An area of particular concern is that some companies utilize temp workers “permanently” in order to replace parts of their regular workforce. For example, the lessee company may not agree with the agency and the temp on a defined term of the lease. Companies might seek permanently to use temp workers for staffing their reception area or IT department and thereby reduce costs instead of hiring their own staff. After an amendment to the legislation governing temp work, these companies faced the risk that the temp workers they permanently lease would be deemed their own staff.
In 2011, the German Parliament amended the law regulating the temp workers’ sector—the German Act on Temp Workers (AÜG). The AÜG expressly provides that the leasing of temp workers must be “temporarily” in order to be lawful under the AÜG with the consequence that the leasing arrangement regarding a temp must be agreed to for a defined period (e.g. twelve months). However, the AÜG was not clear in identifying how to determine when, or the consequences to an employer, for a worker leased “temporarily” versus one who was leased “permanent”.

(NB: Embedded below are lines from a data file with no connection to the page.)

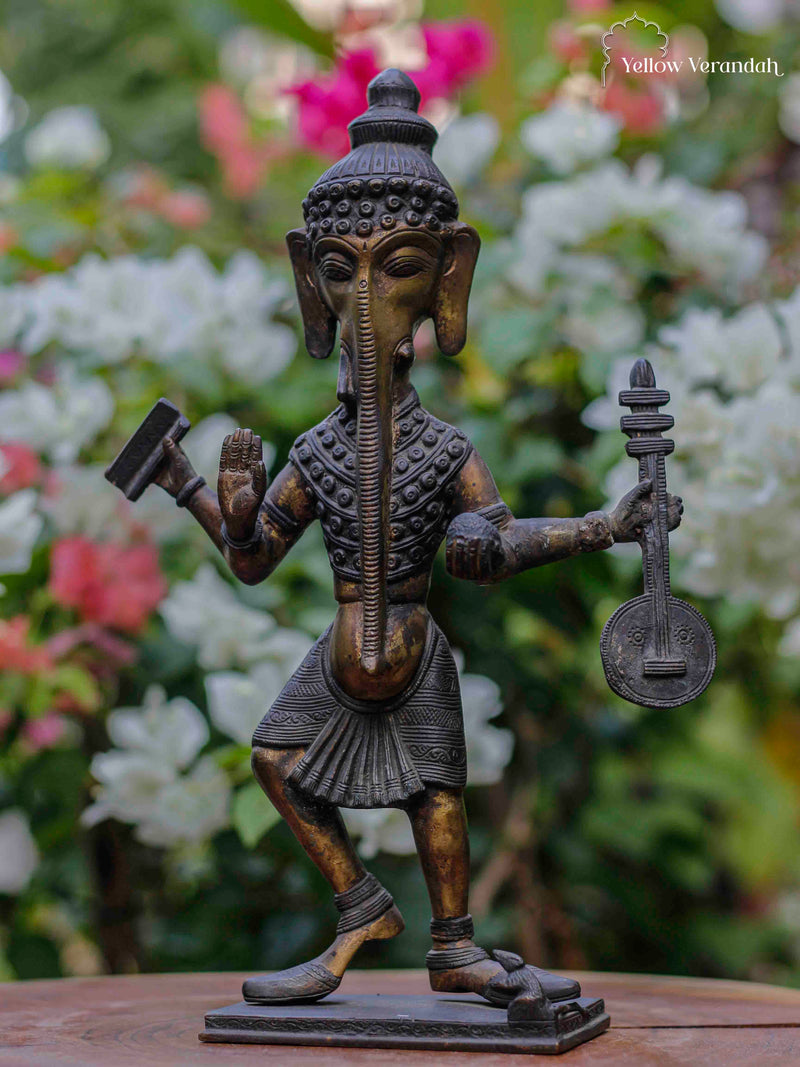 Brass Ganpati Idol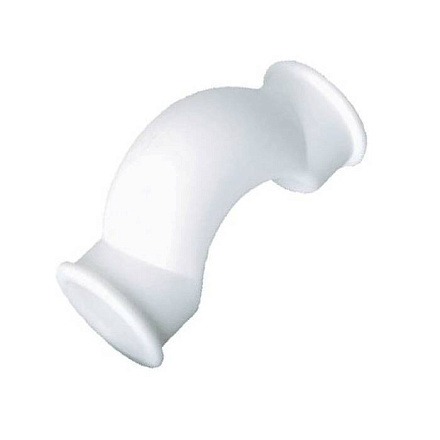 Скоба PP-R бел Дн25 обвод с муфт ZFPCL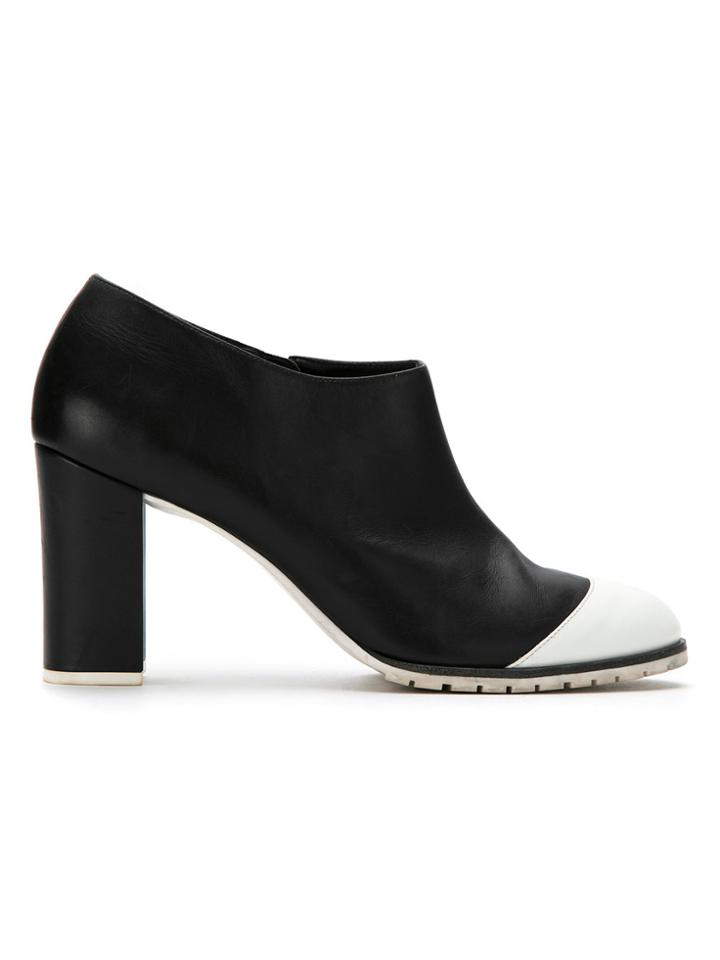 Mara Mac Leather Panelled Boots - Black
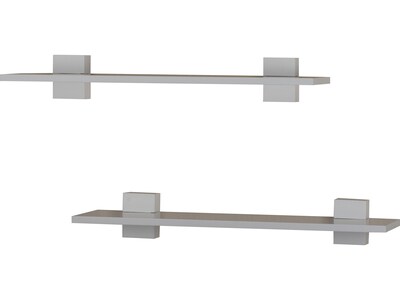V-Light MDF Wall-Mounted Shelf, 22, White, 2/Pack (VW141023W)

Some Higher Labor Courts (e.g. the Higher Labor Court Baden-Württemberg) ordered that a temp worker who is permanently assigned to the lessee (i.e. not temporarily, or for a defined period only) becomes an own employee of the lessee. According to the Court, the AÜG’s purpose is to only allow a temporary placement of temp workers, and an assignment of a temp worker in conflict with this purpose would result in the temp worker becoming an employee of the lessee.

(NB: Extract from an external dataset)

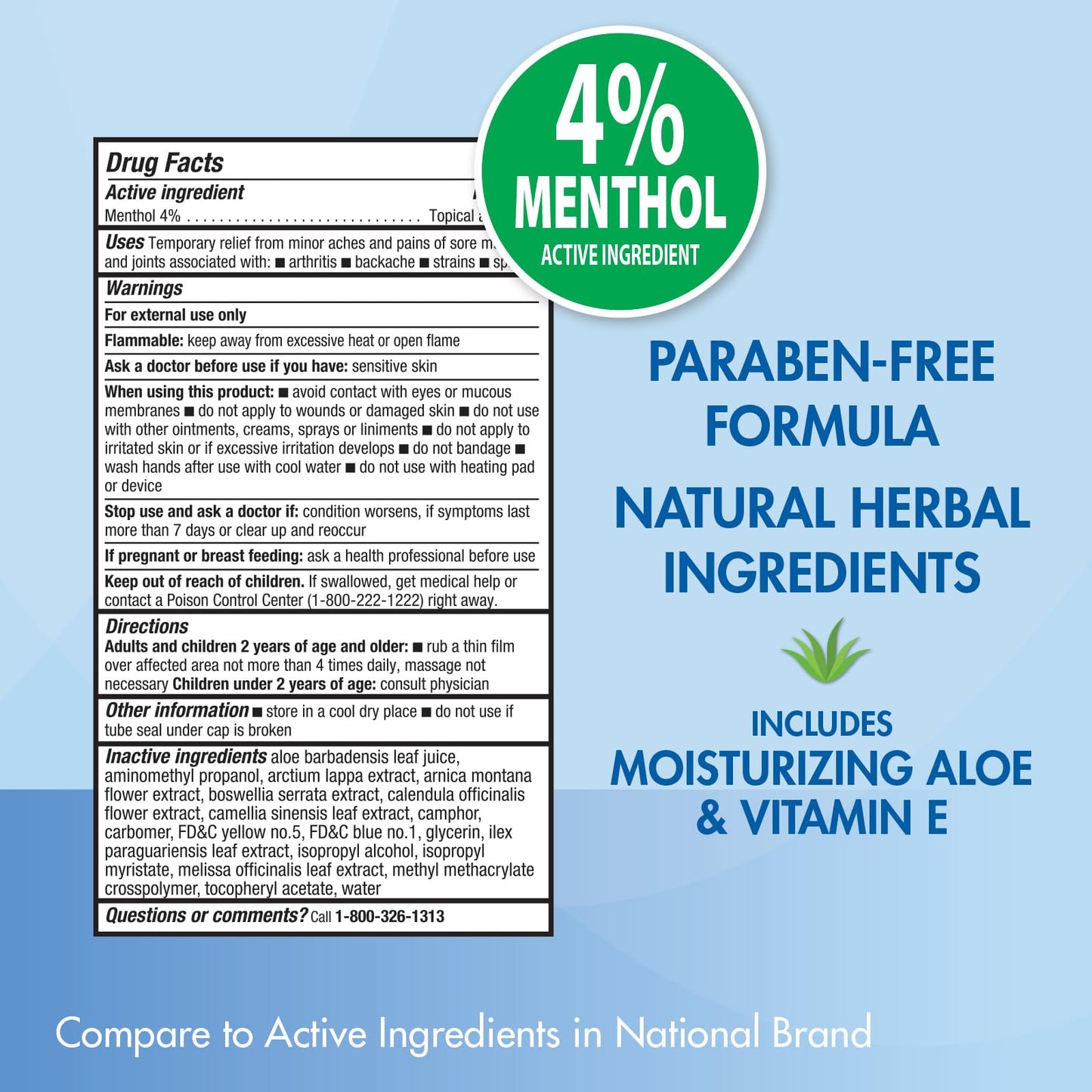 HealthWise Soothing Cold Therapy Gel | 4% Menthol | Vanishing Scent | 3.0 Oz | Arthritis Pain Relief | Topical Analgesic - dailyvitalstore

Other Higher Labor Courts (e.g. Berlin-Brandenburg) rejected this view. They concluded that such strict sanction cannot be derived from violating the AÜG.
On December 10, 2013, the Federal Labor Court (case no. 9 AZR 51/13) ruled that no employment relationship is established when a temp worker’s assignment to the lessee is not temporary. The highest German labor court argued that in absence of an express sanction in the AÜG, the labor courts has no competence to “impose” the fiction of an employment relationship to companies leasing temp workers permanently. According to the judgment, it is solely up to the legislature, either on the EU level or on a national level, to implement such a harsh consequence into the law.
The recent judgment of the Federal Labor Court creates clarity and certainty for the sector of temp work. For now, under AUG, companies utilizing temp workers permanently will not be deemed their employer. However, the new German Federal Government has already announced that it intends to amend the AÜG by allowing temp work only for up to 18 months. It is well possible that express sanctions for the permanent leasing of temp workers will find its way into amendments to the AÜG.